The relevant parts of our route look like this:

FooRoutes.java:
        from("direct:foo1").routeId("foo1").
                errorHandler(defaultErrorHandler().
                    maximumRedeliveries(3).
                    redeliveryDelay(100).
                    retryAttemptedLogLevel(WARN)).
                to(uraService).
                log(INFO, "1: before unmarshal: ${body}").
                unmarshal(soapJaxbDataFormat).
                log(INFO, "2: ${body}");

foo-camel-context.xml:
    <bean id="soapJaxbDataFormat"
class="org.apache.camel.model.dataformat.SoapJaxbDataFormat">  
        <property name="contextPath" value="fi.ourdomain.xsd._1"/>
    </bean> 

    <camelcxf:cxfEndpoint id="uraService"
                          address="${ura.cxf}"
                          serviceClass="fi.ourdomain._1_0.UraPort">
        <camelcxf:properties>
            <entry key="dataFormat" value="MESSAGE"/>
        </camelcxf:properties>
    </camelcxf:cxfEndpoint>

So - we are calling SOAP WS "uraService" which we have JAX-WS generated
interface "UraPort" to. Then we try to unmarshal this XML message into JAXB
beans. This works fine when content does not have special characters. But
when I set the content to contain for example "Ä" (U+00C4       , c3 84, LATIN
CAPITAL LETTER A WITH DIAERESIS) this breaks with the previous exception.
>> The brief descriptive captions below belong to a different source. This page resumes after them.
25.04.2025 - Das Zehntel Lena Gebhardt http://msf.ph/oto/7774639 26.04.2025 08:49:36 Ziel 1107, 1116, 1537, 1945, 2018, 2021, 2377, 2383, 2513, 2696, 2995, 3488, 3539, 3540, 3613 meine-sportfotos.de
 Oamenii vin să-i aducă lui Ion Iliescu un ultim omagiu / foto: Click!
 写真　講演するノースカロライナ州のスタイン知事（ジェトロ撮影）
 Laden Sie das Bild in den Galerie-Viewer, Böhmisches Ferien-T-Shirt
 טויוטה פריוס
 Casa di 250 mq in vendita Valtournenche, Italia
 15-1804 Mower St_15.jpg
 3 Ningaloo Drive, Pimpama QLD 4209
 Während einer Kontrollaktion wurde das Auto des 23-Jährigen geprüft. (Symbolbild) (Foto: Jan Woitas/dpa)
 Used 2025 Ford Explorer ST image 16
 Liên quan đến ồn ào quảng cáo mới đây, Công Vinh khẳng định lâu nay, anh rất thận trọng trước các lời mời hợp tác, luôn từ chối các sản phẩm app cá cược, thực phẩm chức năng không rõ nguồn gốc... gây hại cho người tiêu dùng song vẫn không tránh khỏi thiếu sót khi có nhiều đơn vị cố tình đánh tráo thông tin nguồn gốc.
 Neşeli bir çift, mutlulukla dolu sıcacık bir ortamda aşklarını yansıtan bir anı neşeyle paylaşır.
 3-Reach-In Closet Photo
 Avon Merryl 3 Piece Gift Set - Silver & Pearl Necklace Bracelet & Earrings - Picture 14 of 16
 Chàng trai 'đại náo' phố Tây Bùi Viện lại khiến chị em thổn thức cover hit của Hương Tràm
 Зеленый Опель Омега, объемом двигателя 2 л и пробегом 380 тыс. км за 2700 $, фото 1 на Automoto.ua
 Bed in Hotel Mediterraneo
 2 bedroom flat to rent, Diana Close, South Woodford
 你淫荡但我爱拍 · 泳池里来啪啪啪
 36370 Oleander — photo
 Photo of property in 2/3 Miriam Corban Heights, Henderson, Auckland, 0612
When I test the we service directly the character seems to be fine. When I
inspect the response from WS with hex editor, I see the character Ä
represented with bytes 0xc3 and 0x83 as I think it should be. "Ä" is the
last letter of the element and is followed by "<" (byte 0x3c). The
exceptions looks like it would hint that the unmashalling thinks that the
letter started with 0xc3 and 0x83 does not end there but continues with
0x3c, which is wrong. Or something like that...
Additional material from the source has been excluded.